**WORK INSTRUCTIONS**
Could you copy exactly the lines below, beginning at the line with "Digital Display Bluetooth" and stopping after the line with "Ντουμπάι Μαρίνα Skyline", with no pictures?

**EXERCISE DATA**
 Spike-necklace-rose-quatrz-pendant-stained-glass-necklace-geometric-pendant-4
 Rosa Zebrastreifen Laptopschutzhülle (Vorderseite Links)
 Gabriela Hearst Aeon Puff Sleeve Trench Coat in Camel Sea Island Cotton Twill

==

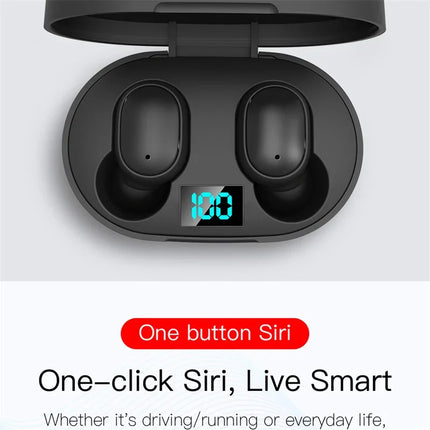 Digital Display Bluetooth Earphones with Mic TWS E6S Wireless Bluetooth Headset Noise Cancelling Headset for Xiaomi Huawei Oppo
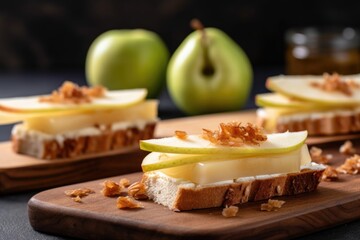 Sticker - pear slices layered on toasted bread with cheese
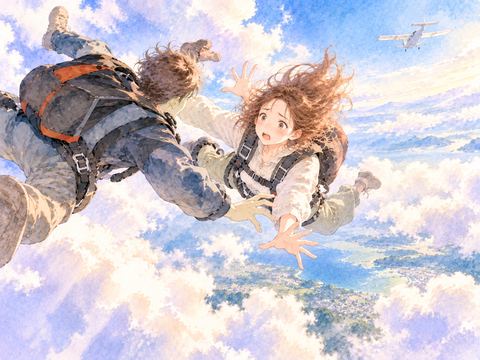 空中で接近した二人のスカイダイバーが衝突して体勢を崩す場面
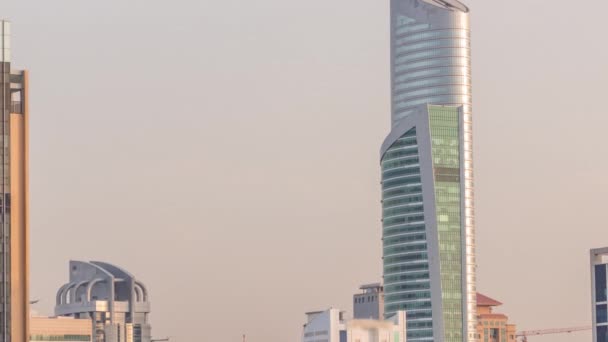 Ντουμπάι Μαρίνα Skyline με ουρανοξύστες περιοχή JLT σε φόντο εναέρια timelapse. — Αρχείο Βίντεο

--

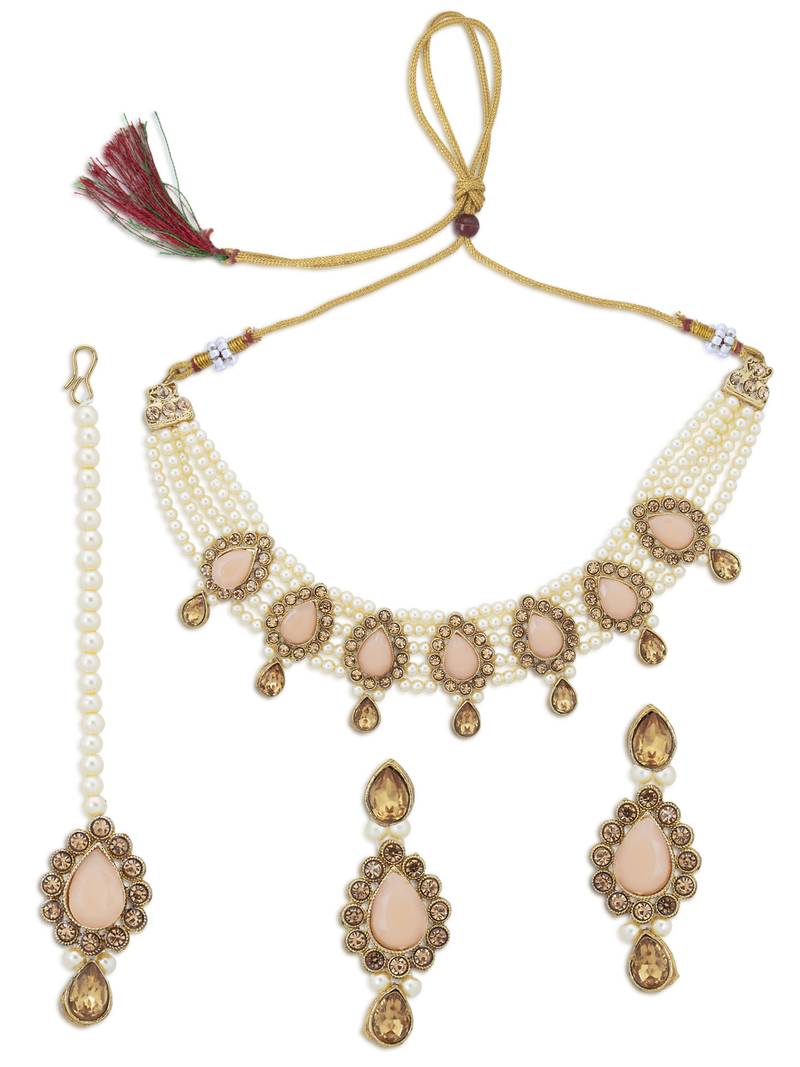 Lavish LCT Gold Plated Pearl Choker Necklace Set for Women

**OUTPUT OF THE TASK**
 Digital Display Bluetooth Earphones with Mic TWS E6S Wireless Bluetooth Headset Noise Cancelling Headset for Xiaomi Huawei Oppo
 Sticker - pear slices layered on toasted bread with cheese
 空中で接近した二人のスカイダイバーが衝突して体勢を崩す場面
 Ντουμπάι Μαρίνα Skyline με ουρανοξύστες περιοχή JLT σε φόντο εναέρια timelapse. — Αρχείο Βίντεο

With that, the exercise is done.